■ **Exercise requirements**:
Look through the listing below for the line containing "So the dupe". Copy it and each line after it up to and including the line containing "Let's open one.", exactly, leaving out pictures.

■ **Input material**:
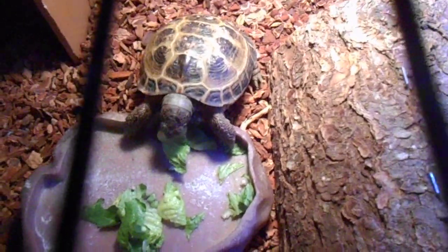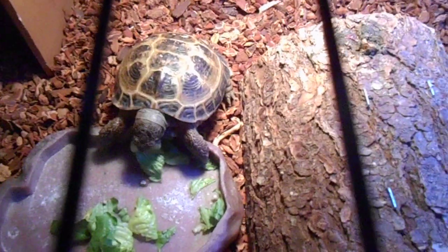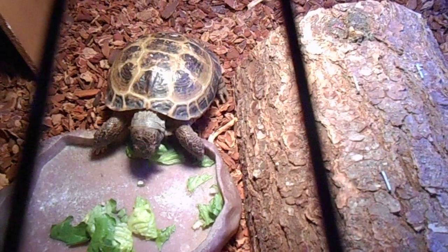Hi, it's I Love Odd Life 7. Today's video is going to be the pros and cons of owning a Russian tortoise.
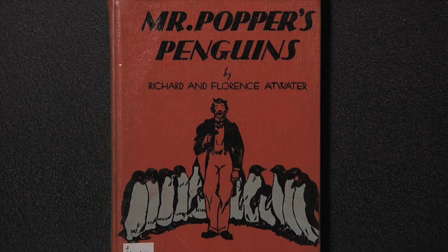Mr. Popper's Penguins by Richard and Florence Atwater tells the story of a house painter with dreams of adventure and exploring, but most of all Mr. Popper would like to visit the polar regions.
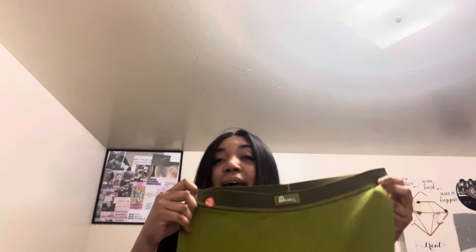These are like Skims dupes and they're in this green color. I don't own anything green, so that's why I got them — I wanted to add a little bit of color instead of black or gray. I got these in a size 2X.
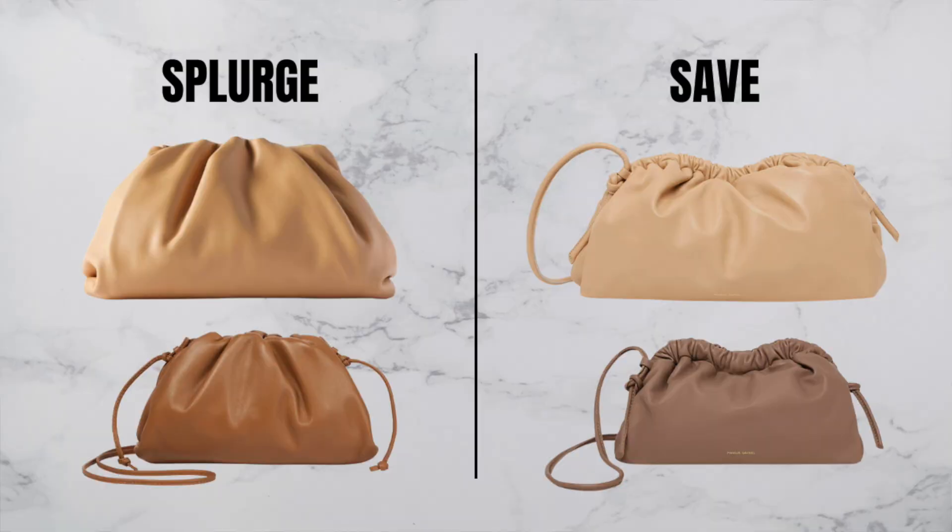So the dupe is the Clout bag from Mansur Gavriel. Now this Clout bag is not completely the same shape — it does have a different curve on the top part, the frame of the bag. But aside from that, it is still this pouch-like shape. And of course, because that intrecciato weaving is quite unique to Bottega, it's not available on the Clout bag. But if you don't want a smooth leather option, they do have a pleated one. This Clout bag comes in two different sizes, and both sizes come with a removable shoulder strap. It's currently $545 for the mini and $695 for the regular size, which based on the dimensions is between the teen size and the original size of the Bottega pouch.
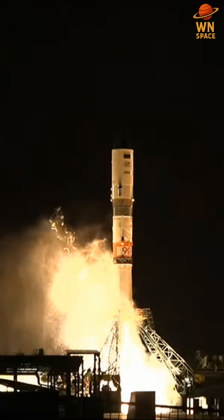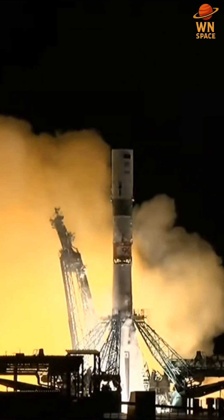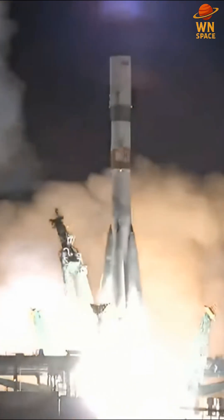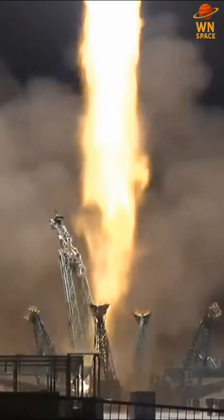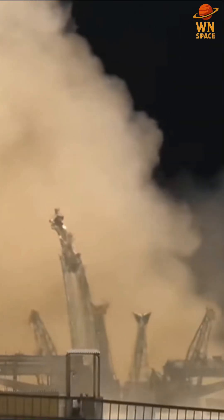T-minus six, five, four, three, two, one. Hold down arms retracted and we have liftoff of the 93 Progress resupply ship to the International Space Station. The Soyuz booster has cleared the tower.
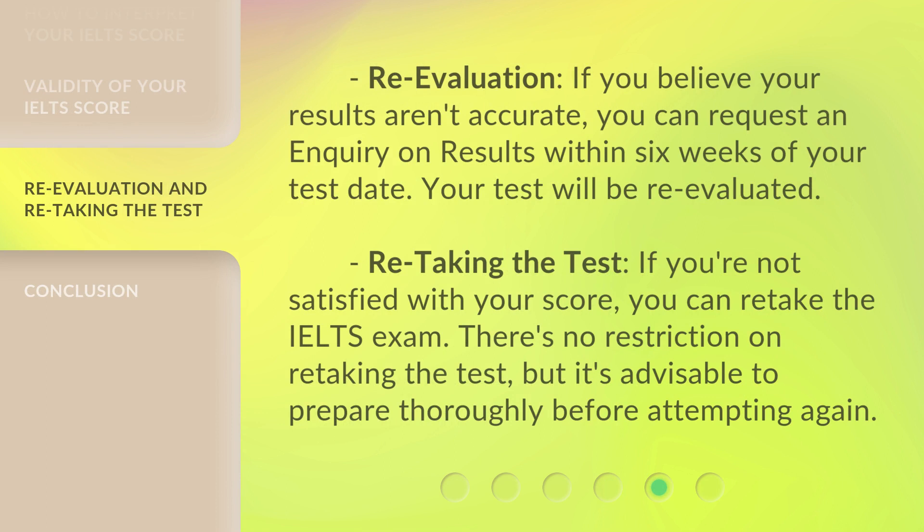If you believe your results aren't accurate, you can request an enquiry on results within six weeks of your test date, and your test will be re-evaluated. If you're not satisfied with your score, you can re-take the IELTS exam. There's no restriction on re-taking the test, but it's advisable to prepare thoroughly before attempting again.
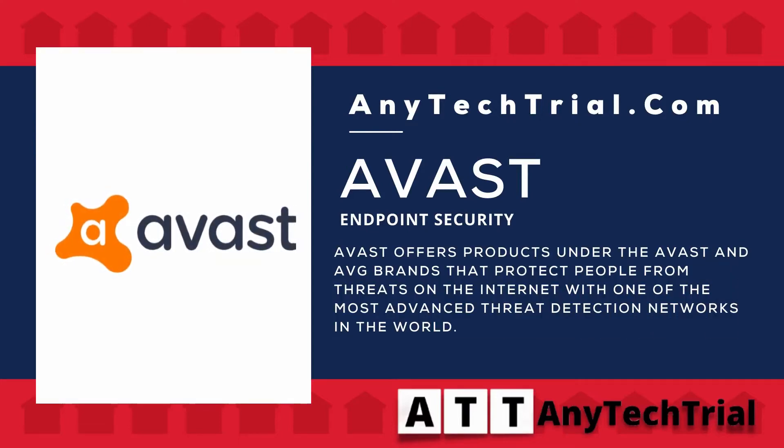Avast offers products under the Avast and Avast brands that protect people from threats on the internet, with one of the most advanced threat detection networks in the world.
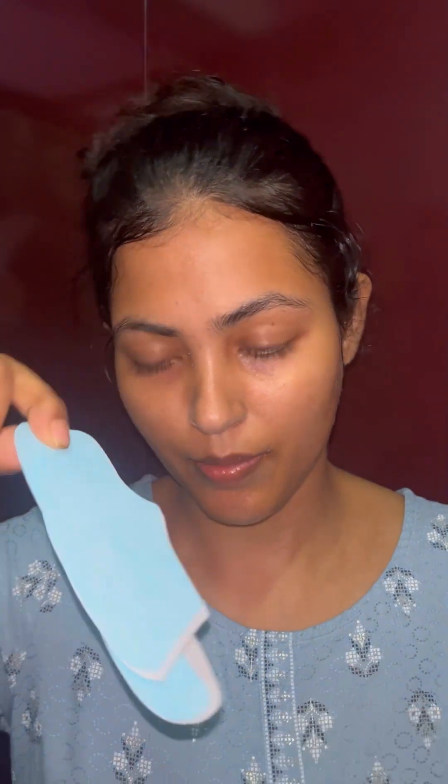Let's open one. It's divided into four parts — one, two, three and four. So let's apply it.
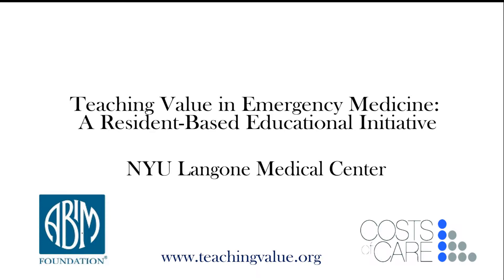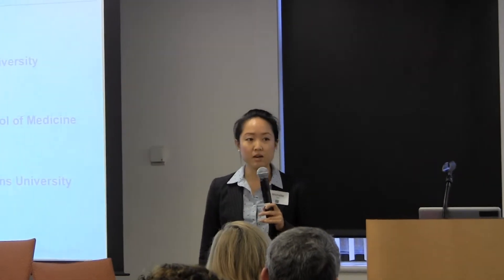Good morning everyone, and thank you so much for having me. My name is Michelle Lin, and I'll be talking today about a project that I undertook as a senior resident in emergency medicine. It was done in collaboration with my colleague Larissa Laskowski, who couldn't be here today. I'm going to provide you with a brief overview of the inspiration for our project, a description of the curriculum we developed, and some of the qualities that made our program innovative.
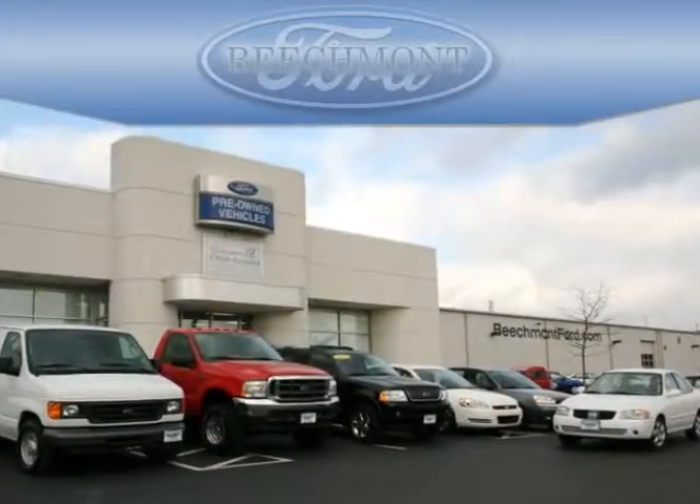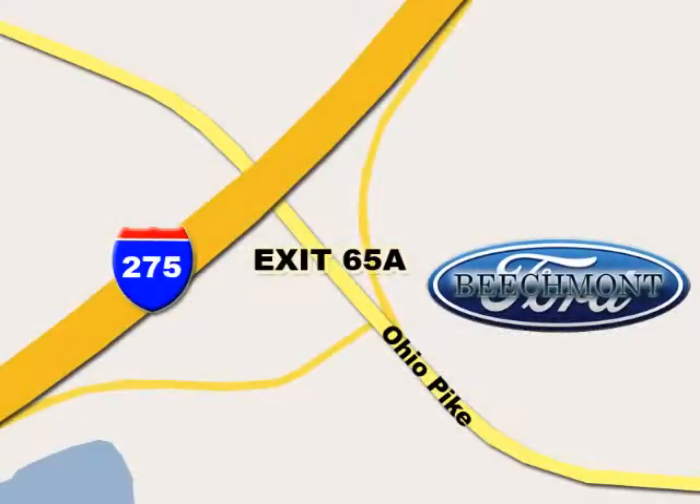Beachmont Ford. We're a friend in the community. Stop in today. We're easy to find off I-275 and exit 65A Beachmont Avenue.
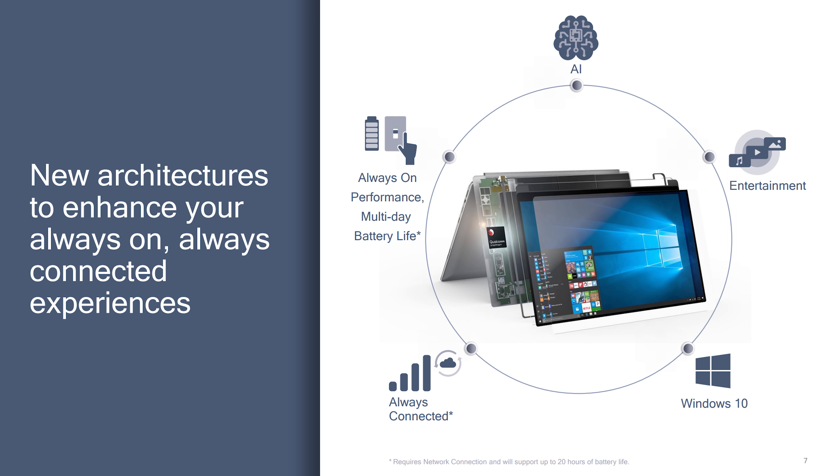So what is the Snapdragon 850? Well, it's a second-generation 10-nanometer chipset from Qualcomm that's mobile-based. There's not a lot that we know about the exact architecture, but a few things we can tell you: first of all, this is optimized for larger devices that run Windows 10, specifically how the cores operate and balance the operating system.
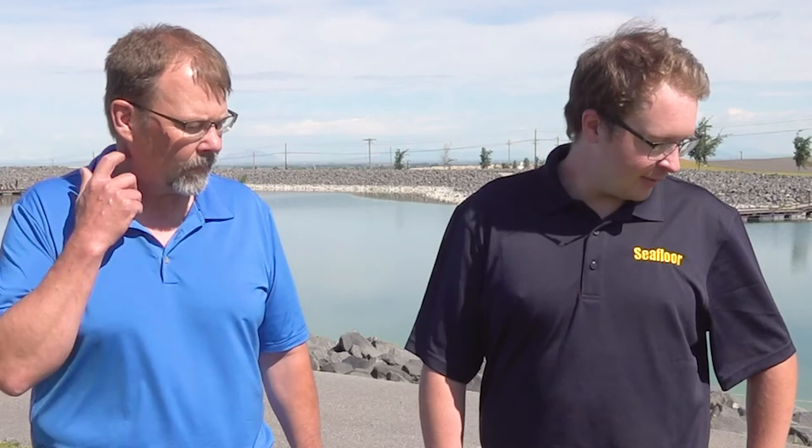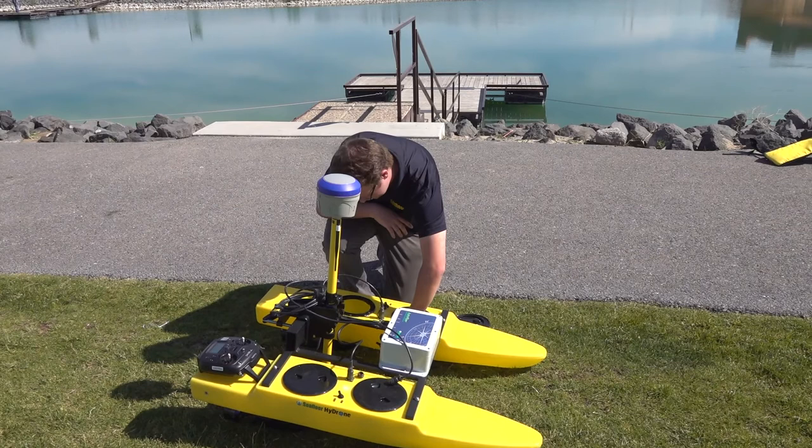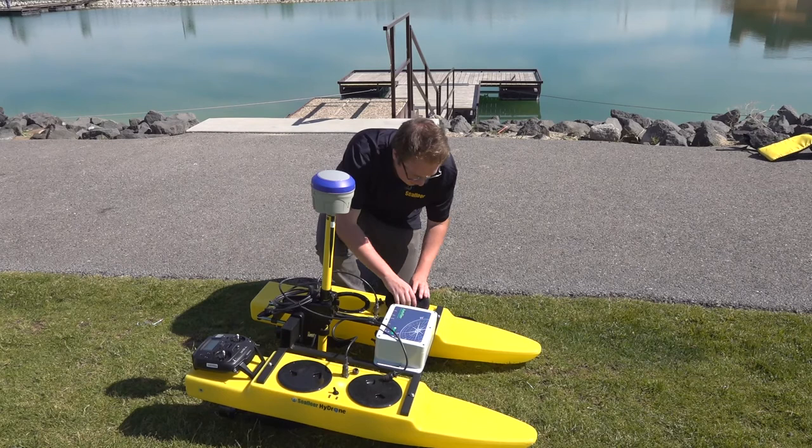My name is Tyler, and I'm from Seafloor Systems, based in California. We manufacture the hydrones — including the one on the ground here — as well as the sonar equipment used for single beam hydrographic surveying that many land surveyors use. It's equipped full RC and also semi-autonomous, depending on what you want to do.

■ **Written answer**:
So the dupe is the Clout bag from Mansur Gavriel. Now this Clout bag is not completely the same shape — it does have a different curve on the top part, the frame of the bag. But aside from that, it is still this pouch-like shape. And of course, because that intrecciato weaving is quite unique to Bottega, it's not available on the Clout bag. But if you don't want a smooth leather option, they do have a pleated one. This Clout bag comes in two different sizes, and both sizes come with a removable shoulder strap. It's currently $545 for the mini and $695 for the regular size, which based on the dimensions is between the teen size and the original size of the Bottega pouch.
T-minus six, five, four, three, two, one. Hold down arms retracted and we have liftoff of the 93 Progress resupply ship to the International Space Station. The Soyuz booster has cleared the tower.
If you believe your results aren't accurate, you can request an enquiry on results within six weeks of your test date, and your test will be re-evaluated. If you're not satisfied with your score, you can re-take the IELTS exam. There's no restriction on re-taking the test, but it's advisable to prepare thoroughly before attempting again.
Avast offers products under the Avast and Avast brands that protect people from threats on the internet, with one of the most advanced threat detection networks in the world.
Let's open one. It's divided into four parts — one, two, three and four. So let's apply it.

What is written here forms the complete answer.